## Exercise directions
Select all lines holding the word "Parrot" from the entries that follow.

## Short text fragments from websites
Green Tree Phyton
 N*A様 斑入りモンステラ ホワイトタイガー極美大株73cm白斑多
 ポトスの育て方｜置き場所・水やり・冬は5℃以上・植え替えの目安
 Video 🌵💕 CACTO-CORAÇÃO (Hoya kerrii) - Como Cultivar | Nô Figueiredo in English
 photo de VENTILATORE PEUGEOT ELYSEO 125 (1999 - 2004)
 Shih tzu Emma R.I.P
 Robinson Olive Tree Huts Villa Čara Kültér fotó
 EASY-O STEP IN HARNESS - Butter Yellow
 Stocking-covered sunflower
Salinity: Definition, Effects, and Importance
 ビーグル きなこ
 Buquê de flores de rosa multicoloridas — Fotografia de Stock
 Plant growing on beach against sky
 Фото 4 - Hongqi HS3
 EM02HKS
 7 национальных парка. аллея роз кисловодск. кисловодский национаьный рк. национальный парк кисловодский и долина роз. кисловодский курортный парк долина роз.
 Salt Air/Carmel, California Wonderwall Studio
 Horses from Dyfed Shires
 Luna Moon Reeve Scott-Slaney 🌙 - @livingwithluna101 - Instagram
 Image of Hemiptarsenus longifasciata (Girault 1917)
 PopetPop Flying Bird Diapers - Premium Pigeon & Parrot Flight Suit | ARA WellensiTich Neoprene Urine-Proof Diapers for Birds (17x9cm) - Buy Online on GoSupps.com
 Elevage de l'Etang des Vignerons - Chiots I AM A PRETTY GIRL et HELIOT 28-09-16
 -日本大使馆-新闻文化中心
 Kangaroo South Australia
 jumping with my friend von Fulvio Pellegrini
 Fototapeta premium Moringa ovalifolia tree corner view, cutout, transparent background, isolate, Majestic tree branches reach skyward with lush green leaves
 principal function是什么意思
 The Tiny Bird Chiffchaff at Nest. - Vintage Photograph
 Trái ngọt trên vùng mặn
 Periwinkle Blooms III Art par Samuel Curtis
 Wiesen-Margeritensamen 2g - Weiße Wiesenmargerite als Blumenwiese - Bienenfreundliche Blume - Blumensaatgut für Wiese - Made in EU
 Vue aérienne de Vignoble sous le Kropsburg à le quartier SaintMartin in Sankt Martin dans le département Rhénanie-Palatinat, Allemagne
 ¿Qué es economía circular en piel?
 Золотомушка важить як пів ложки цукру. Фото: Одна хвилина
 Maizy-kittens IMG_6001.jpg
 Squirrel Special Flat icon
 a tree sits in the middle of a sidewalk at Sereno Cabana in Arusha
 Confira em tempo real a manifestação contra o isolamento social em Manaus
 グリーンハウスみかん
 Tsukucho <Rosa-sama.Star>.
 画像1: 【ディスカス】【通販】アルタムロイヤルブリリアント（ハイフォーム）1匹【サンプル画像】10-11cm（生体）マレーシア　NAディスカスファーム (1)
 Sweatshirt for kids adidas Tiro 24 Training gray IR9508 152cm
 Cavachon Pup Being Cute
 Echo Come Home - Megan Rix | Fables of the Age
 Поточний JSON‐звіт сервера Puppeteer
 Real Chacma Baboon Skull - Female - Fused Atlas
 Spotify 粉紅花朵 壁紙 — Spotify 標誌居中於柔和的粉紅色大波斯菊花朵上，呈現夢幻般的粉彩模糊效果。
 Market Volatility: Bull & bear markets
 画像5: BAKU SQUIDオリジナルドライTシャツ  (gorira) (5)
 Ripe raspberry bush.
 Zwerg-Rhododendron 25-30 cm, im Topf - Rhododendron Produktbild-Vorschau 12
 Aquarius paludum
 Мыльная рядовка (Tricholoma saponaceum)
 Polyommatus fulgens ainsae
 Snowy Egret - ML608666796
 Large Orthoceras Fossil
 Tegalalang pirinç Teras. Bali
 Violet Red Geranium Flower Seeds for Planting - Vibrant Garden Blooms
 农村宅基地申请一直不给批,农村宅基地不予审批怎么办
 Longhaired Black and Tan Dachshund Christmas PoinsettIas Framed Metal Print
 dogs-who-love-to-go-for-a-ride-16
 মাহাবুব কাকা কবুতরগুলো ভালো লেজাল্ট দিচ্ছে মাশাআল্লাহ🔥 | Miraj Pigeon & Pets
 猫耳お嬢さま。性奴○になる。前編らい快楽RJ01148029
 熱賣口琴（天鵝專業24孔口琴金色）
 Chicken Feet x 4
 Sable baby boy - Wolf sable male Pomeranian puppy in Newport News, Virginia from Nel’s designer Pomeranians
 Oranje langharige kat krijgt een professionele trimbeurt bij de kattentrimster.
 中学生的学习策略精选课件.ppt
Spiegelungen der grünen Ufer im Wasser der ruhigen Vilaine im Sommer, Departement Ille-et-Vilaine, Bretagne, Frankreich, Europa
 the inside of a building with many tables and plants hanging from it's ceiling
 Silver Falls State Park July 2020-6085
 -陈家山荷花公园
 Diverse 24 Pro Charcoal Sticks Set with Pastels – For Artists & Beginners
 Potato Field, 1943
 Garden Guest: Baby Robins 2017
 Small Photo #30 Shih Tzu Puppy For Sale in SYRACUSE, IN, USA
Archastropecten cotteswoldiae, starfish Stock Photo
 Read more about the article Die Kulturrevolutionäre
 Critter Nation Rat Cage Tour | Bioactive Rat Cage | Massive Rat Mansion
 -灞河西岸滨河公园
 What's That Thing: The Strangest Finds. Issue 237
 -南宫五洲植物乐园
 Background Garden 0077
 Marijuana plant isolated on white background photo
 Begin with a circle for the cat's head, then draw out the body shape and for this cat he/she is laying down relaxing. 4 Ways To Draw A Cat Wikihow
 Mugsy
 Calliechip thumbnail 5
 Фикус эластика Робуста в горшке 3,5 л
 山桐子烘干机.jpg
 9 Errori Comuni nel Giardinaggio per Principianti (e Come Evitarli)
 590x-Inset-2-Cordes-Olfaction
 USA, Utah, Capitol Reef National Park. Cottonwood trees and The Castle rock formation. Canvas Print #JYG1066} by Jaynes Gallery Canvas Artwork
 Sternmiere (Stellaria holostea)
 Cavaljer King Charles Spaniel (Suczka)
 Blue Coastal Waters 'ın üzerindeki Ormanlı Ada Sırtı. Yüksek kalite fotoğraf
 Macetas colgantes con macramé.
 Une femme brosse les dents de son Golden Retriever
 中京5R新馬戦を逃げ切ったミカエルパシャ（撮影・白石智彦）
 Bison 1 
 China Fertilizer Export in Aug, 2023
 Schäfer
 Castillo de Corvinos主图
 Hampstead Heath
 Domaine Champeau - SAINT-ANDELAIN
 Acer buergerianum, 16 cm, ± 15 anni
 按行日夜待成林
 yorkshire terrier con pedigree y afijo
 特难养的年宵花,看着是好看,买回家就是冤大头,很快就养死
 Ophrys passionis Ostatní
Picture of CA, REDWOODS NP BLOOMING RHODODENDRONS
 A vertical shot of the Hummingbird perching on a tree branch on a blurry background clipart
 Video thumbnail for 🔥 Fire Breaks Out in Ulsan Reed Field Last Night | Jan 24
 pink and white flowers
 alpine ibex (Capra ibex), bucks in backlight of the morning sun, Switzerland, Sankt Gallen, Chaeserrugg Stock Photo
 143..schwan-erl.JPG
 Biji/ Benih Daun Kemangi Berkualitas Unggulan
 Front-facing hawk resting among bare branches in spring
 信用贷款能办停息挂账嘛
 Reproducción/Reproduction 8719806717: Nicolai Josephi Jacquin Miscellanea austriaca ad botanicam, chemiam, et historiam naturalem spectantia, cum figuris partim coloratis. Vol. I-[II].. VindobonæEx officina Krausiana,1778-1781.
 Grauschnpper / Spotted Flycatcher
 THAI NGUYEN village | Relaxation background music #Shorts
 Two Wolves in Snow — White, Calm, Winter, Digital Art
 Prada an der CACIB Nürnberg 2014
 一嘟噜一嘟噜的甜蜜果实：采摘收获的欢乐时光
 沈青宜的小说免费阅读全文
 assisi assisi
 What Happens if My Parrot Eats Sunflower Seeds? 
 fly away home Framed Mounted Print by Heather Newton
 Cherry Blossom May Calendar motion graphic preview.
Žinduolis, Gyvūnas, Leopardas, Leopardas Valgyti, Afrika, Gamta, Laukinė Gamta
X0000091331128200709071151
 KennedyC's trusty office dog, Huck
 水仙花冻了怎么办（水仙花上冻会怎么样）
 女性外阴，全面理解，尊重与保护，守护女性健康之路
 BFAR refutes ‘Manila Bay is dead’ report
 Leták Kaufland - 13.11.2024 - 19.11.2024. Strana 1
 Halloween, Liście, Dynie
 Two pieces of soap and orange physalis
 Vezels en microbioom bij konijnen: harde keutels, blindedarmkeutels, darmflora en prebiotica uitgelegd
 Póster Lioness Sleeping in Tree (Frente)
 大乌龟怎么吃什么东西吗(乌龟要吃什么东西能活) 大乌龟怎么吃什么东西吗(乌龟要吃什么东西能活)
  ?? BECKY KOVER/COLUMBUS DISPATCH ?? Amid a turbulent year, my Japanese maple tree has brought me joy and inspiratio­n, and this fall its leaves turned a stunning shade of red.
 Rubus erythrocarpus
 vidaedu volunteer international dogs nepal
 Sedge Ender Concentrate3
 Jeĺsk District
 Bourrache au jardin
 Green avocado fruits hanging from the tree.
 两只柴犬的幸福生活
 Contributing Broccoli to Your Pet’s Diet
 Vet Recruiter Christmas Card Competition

## Written answer
 PopetPop Flying Bird Diapers - Premium Pigeon & Parrot Flight Suit | ARA WellensiTich Neoprene Urine-Proof Diapers for Birds (17x9cm) - Buy Online on GoSupps.com
 What Happens if My Parrot Eats Sunflower Seeds? 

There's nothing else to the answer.